Zeynep beni her bölüm ayrı şekilde şaşırtıyor. Emir’i kendi istediği yola getirmek için evi terk ettikten sonra onun tehditlerine maruz kalınca, bu konuda yıllarca onunla aynı kaderi paylaşmış olan Nihan’a yardım etmeyi kabul etti. Bölümden önce sorsanız hiç ihtimal vereceğim bir ittifak değildi bu aslında, ama düşününce neden olmasın? Nihan Emir’den kurtulmak, Zeynep de Emir’e sahip olmak istiyor. İkisinin bir diğer ortak paydası da anne olmaları ve çocuklarının geleceğini düşünmeleri. Yalnız Nihan’ın kendi başına kalkıştığı işlerde, bir kere bile baştan sona başarılı olduğunu görmedim. Fevri hareket ederek mutlaka bir yerde açık veriyor. Bu sefer de benzer bir şey oldu ve Emir’e yakalandı. Hatta ben bu Asu’yu dinleme işini Emir daha bile önce çözmüştür diyordum ama parçaları birleştirmesine kadar geçen sürede Nihan’a yeterli doneyi verdi yine de. Ve bu sayede aynı bölümde iki Kozcuoğlu’nu birden hapiste gördük.


Böyle olmasını ben istemedim! Bu kaderi ben seçmedim!

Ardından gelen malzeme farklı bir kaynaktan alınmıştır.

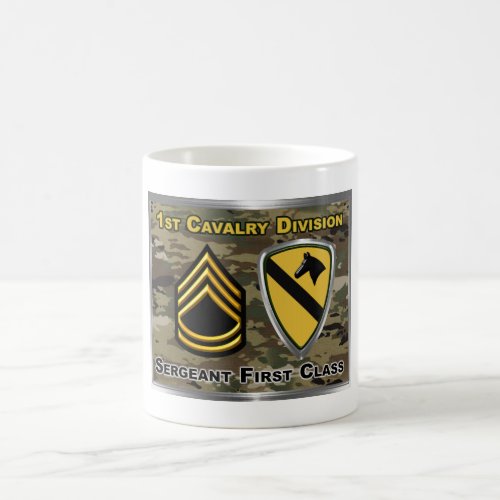 1st Cavalry Division Sergeant First Class Coffee Mug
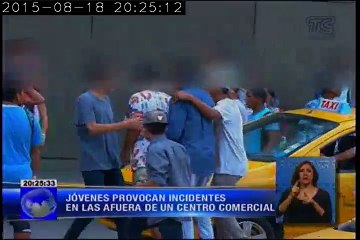 Incidentes entre jóvenes en Guayaquil en un centro comercial de Guayaquil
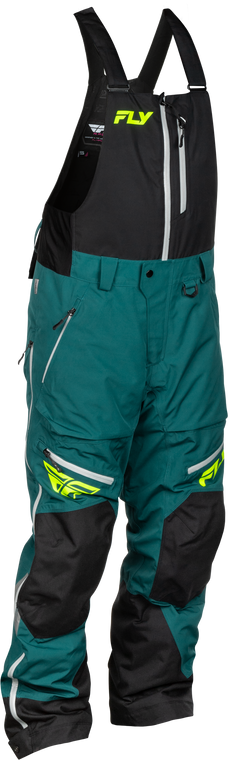 Fly Racing - Incline Bib Teal/black Sm - 470-4248S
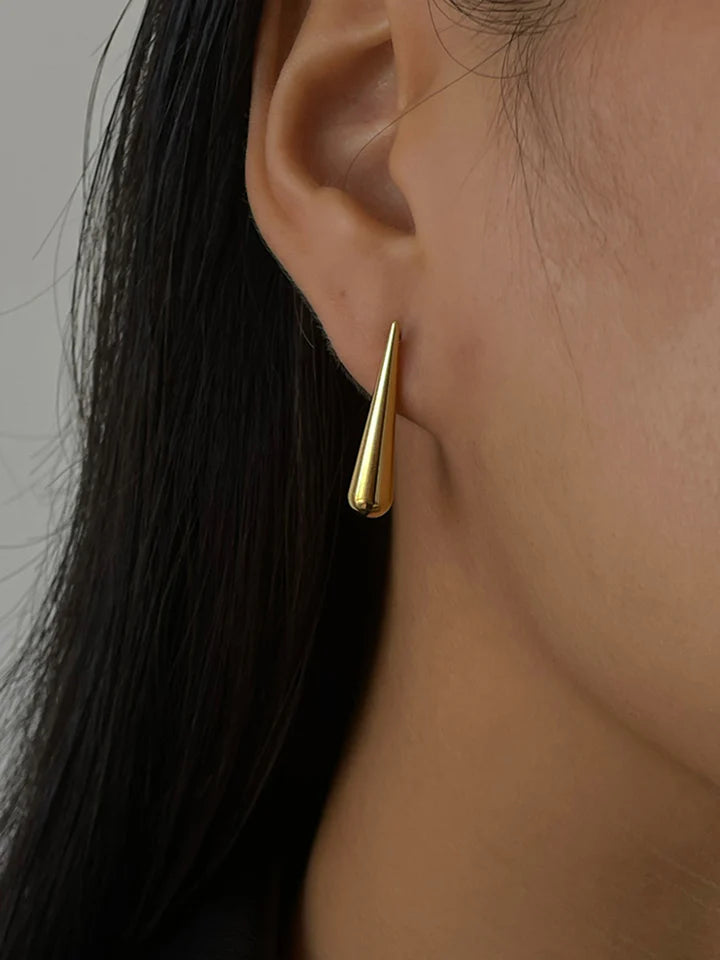 Asymmetric Drop Earrings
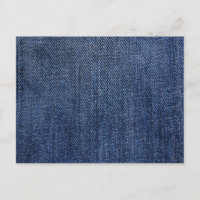 Impression de Denim bleu profond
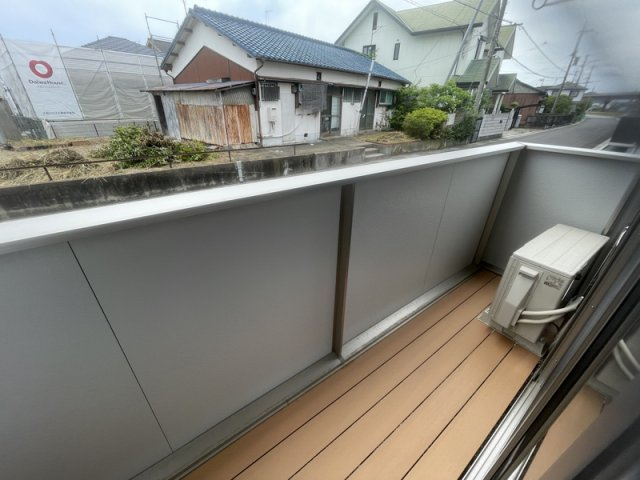 カザ　オリーブ　EASTのバルコニー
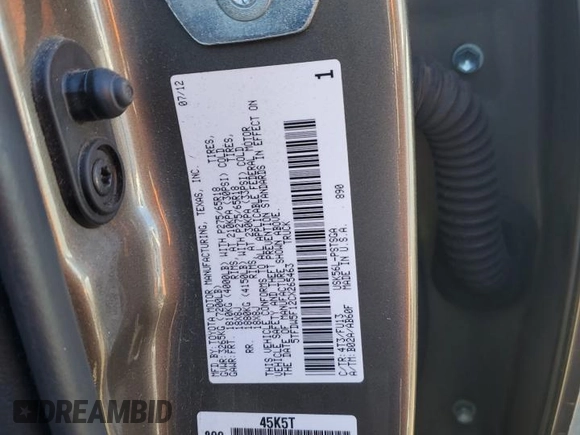 2012 Toyota Tundra with VIN 5TFDW5F12CX265463, listed as a Copart auction lot 83090074 with Not provided miles and Non repairable. Bid and sale history available at DreamBid. Image 13.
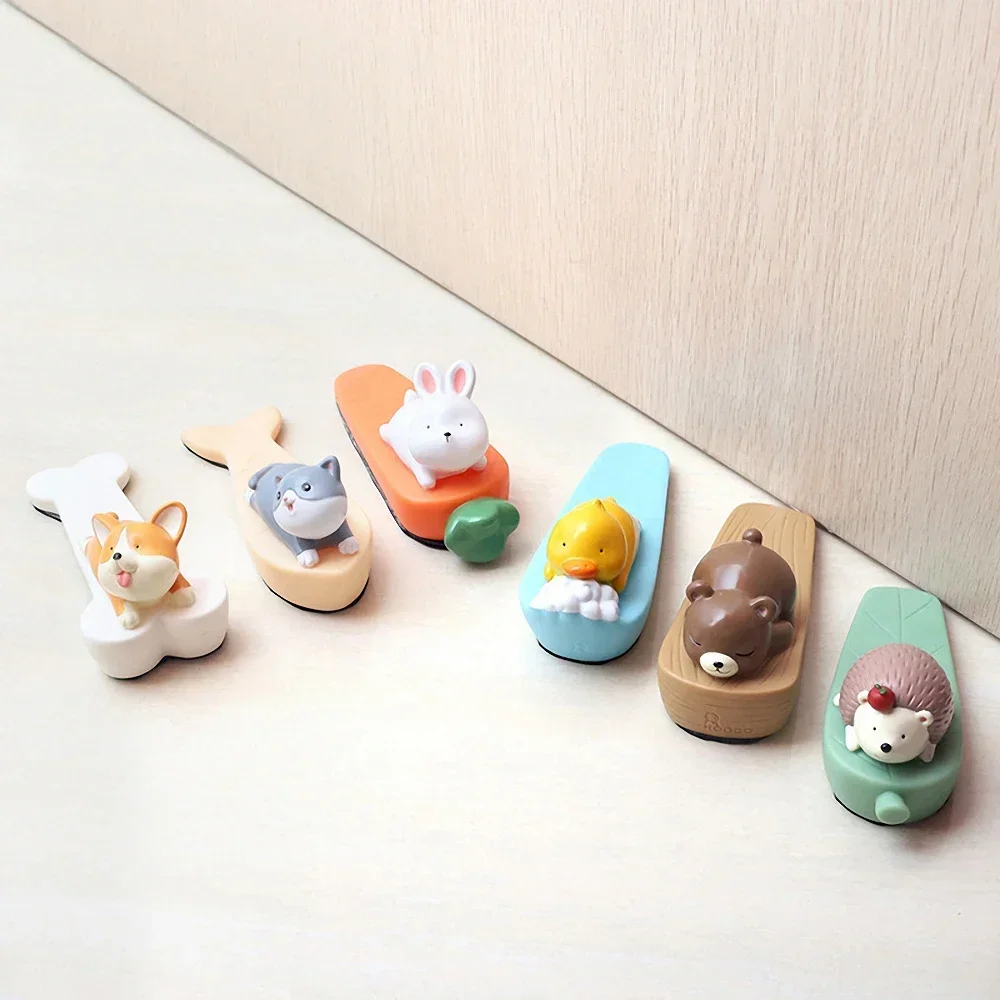 Cartoon Animal Silicone Door Stopper Wedge Slip Resistant Catcher Block Dog Pig Bear Cat Shape Door 1005005621918116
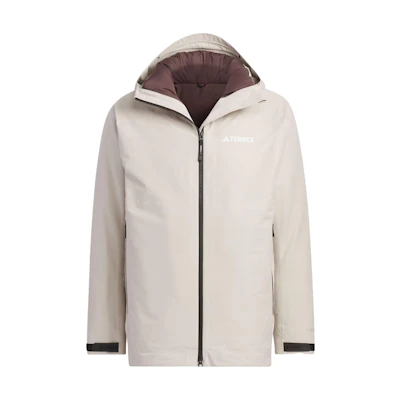 adidas RAIN RDY 3-In-1 Reversible Waterproof Windproof Outdoor Jacket Off-White IL8969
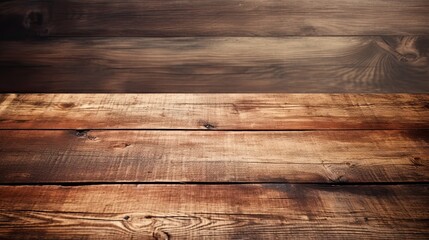 Naklejka premium Empty old wooden table background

Müjgan Hanım’a her geçen bölüm daha çok hayran oluyorum. “Onlar benim evlatlarım.” diyerek, ana yüreğinin arkasına sığınarak Emir ve Asu’nun yaptığı kötülüklere gözünü kapatmayışını çok takdir ediyorum. Ve kusura bakmayın ama her daim Emir’in yaralı çocukluğunu savunmuş olan ben, artık Müjgan Hanım’ın tarafındayım. Emir’in annesiz geçirmek zorunda kaldığı yıllarda zorba babasının etkisiyle şekillenen karakterini, onu yorumlarken hep göz önünde tuttum. Annesinin eksikliğiyle bu hale gelen Emir’in, annesinin uyanmasıyla az buçuk da olsa iyileşme yolunda birkaç adım atacağını umuyordum. 30 yılın yoksunluğu, ağacın yaşken eğilmesinin kolaylığı karşısında, 30 küsur yaşındaki Emir’in birdenbire değişmesini tabii ki beklemiyordum ama hiç değilse annesinin gözündeki küçük Emir’i daha fazla kirletmemek için yer yer frene basacağına inanıyordum. Artık inanmıyorum. Dolayısıyla Emir’in “Bir kere o seni itti, çocukluğumuz düştü ruhumuzdan. Şimdi de sen onu ittin. Kalan bakiye benim hayatım.” cümlesi, bana geçmişin acılarından çok, günümüzde yaptıklarının kılıfı gibi geliyor artık. Emir’in annesinden çok, gücünü korumak için soyadına sarılmasına üzülüyorum ama şaşırmıyorum.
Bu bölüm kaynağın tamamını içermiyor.